My mind goes to the warmest places when I think of him. His warmth. His kindness. How he treats me as if I’m a person, not some sort of thing. He brings the humanity out in me; something that I’ve long buried under layers of scar tissue. He is the sun, warming my skin, melting the ice that flows in my veins. I want to bask in that light, feeling small buds of hopefulness taking route in me. Is this the start of something new? Or is this the start to one of the greatest lessons I’d ever learn? I don’t think that I’ve ever loved someone in this way before. Hot, passionate and all-consuming love that drives you to the brink of madness? Yes. A dull aching, pining love? Yes.For the first time in decades that I don’t feel the monsters. The ghosts hiding in the shadows. The demons clawing at the walls. Everything is silence. I feel a calm that I’ve only dreamt of. Our likenesses bind us, making me feel less alone. Making me feel more apart of something. I’ve never been welcomed into someone’s life like this before. I want to sing of my joy from the tops of the trees without the fear of falling. Falling like a star in the autumn night sky, you bring a beauty out in me. No longer does the devil control me, painting the walls of my soul hideous tones of black and blue, bringing out the worst in me. And now all I can do is picture a future with you, for whatever time we have I want you to put your hand in mine.
....
And I don’t want to think about the worst possibilities when I think of him. I just want, for once to be swept away. Where I can be treated like the prince, no I’m reaching too far here, like the human, yes that’s better, that I always wanted to be seen as. I want to be loved for me, not disillusioned paintings of me. Despite my fear of it, I want you to see mine through my eyes. See the things that I like about myself. See the things that I hate about myself. I want you to see the happiness, the soulfulness, the depressiveness and the rage dominated parts of me. I want you to see every inch, every aspect. I don’t want to shy away, hiding in memory boxes waiting for my perfect one. For so long I invested my love in the wrong men and women, never realising the truth until it was far too late; it left me bruised and belittled for quite some time before each punishing move was made. And I don’t understand why I did it at all.

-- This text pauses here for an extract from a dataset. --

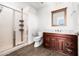 Well-lit bathroom with marble countertop, a cherry wood vanity, and a glass-enclosed shower at 17 W Vernon Ave # 412, Phoenix, AZ 85003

I fell for women with soulless eyes, the total opposite of everything I wanted in a woman. Thin, shy, unintellectual. They were beautiful for their darkness, their pale skin that contrasted their pale skin, but really, what were they all to me? I loved them for their personalities, their sarcasm and for the pale blue tones of her eyes, and the dark hazel from the others. Their dyed black hair and psychotic depression were the two things they had in common. That and they loved lying to me. I’m not sure if one ever loved me at all, and I’m sure one did, but she allowed her self-loathing to tarnish what we had. In the end, there wasn’t room for me in either of their hearts. And then I fell for them. Dreaming of fairy tales once again, chasing ideas of love that were neither realistic or true. I was blinded by my lust, by my adoration for those before my eyes to see what was hiding beneath the surface. I ached to be loved in the way I loved these men, never realising they were only out for theirs. Through the ups and downs, I explained away anything that would shatter my fantasy. I needed to believed that I was loved, that everything as okay. They were polar opposites in many ways. One was flamboyant and loud, the other chubby and quite. I never quite knew what I was to either of them.